**Task instructions:** Determine the number of lines in these entries that hold the word "Image". Give the number and nothing more.

(Crawled caption data)
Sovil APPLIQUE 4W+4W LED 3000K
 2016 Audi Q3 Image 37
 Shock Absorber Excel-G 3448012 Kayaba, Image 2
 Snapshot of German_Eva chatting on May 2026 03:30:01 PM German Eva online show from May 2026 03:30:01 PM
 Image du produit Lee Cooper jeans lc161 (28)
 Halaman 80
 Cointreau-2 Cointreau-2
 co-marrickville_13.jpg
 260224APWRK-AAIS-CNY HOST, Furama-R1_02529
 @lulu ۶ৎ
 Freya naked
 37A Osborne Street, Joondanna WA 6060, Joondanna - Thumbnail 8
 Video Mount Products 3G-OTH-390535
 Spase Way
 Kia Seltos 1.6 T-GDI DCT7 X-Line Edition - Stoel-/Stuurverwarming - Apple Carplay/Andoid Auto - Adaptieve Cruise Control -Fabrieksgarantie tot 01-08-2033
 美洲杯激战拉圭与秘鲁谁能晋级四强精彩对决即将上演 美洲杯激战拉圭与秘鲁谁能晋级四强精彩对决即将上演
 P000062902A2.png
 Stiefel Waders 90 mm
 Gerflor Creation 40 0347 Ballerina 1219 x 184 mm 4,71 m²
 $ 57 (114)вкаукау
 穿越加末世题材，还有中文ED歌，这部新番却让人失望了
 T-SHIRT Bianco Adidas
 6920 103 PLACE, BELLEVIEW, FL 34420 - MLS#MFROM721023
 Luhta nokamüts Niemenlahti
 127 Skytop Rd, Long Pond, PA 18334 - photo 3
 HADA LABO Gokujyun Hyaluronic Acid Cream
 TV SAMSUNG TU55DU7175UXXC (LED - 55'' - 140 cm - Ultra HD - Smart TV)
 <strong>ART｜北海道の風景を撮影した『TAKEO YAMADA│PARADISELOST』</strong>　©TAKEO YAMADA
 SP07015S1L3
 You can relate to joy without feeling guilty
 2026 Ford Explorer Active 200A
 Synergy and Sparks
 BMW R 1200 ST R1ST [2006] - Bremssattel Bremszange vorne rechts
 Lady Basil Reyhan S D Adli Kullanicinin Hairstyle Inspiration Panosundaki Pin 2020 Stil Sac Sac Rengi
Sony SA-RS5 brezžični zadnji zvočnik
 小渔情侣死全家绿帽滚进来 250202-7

**Exercise solution:** 3